MARY'S GENEALOGY TREASURES
The word 'depression' had many meanings in the nineteen thirties. It was the condition of finances, the rate of wages, the availability of employment, the rate of improvement and especially the state of mind of many Canadians. There were few money-producing positions in the cities or in the country. Men looked for work everywhere but to no avail. Then they tried other regions. They rode the freight trains from coast to coast and back again. It was not unusual to see sixty and more men riding upon a freight train, as it passed through Seven Persons. The police gave up trying to stop them. Sometimes these wanderers would wave, as if in good humor, but the looks of utter despair on their faces, was saddening to see. At some centres the government did supply soup kitchens to keep these men alive. The number, who were maimed or killed, in their long dangerous trek, did not become part of the news and will remain an unrecorded tragedy.
In September of 1939, the Second World War was declared. It struck fear into the people of Seven Persons. The young men, and yes, the young women, too, were called to service, were trained and were sent overseas. Ironically, where there had been little Government assistance before, now there was money to move, feed, clothe and pay allowances to these people and their dependents and to equip a fighting force. War time did bring an economical revival to this farming area. Prices for food stuffs rose, the employment picture improved, factories and industries flourished and everyone had work and money.
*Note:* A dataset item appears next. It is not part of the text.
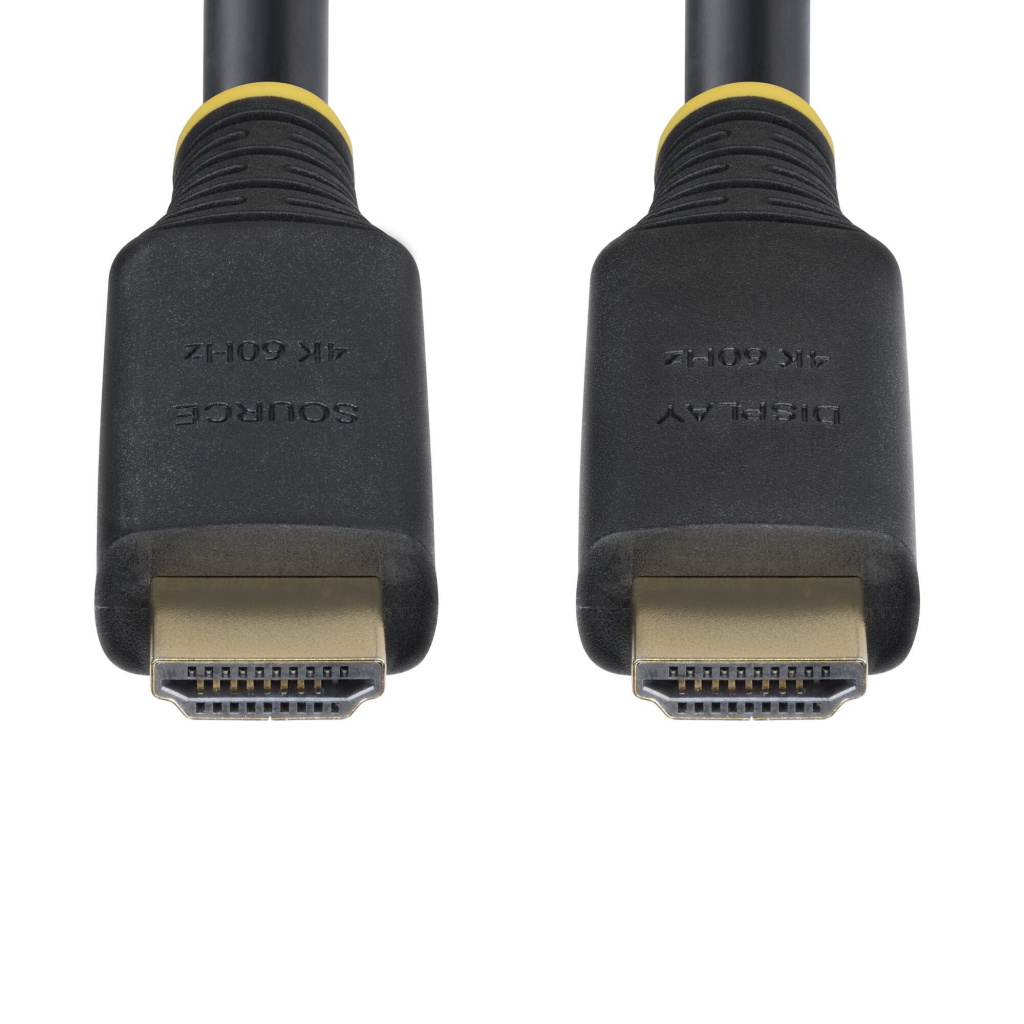 StarTech.com 15m Actieve High Speed HDMI Kabel, 4K 60Hz/1440p 144Hz, HDR10/HDCP 2.2/ARC, 18Gbps, UHD HDMI 2.0 Kabel voor TV/Moni - Afbeelding 6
Some of these who served in the services of World War 11 were:
*Carl Carlson - Killed in action
*Arthur Wager - Killed in action
Civilians helped in the war effort by buying Victory Bonds or War Saving Bonds, collecting re-usable materials such as scrap iron and scrap steel, aluminum, rubber, containers and cotton. Rationing was imposed and coupon books given out for sugar, butter, lard, meat, fats, gasoline and tires. A sugar coupon gave a purchaser the right to buy one pound of sugar every other week. This posed some problems for those who lived far from a food outlet and were accustomed to purchasing in large quantities. Gasoline rationing created some difficulties too. One could only remember that the people of the world had similar, and often much worse, experiences. It seems amusing that little items such as safety pins, elastic, flannelette and chocolate bars were curtailed from sale, and these items were missed.
For the young nation of Canada, still suffering from growing pains, the task of preparing for war seemed almost insurmountable. But Canadians were determined not to be outdone.
In the first month of recruiting, Canada's permanent force of 10,000 swelled to 70,000. On December 17, barely three months later, Canada's Ist Division arrived in Britian. Canadian forces trained long and hard and were soon to become some of the most distinguished in the whole Allied Command, playing key roles in such major campaigns as the six-year Battle of the Atlantic, the Battle of Britain, and the invasion of Normandy.
Canada's achievements at home were equally astounding. Prior to war, she had never manufactured a tank, a combat airplane, or even a machine gun. By 1942 she was producing 400 aircraft, 1,000,000 shells, 4,000 rifles and 10,000,000 rounds of ammunition a month, and launched a 10,000-ton cargo ship every four days.
With just one-half of one percent of the world's population, Canada became the fourth largest manufacturer of weapons and munitions. Her enormous contribution to the war effort cannot be exaggerated.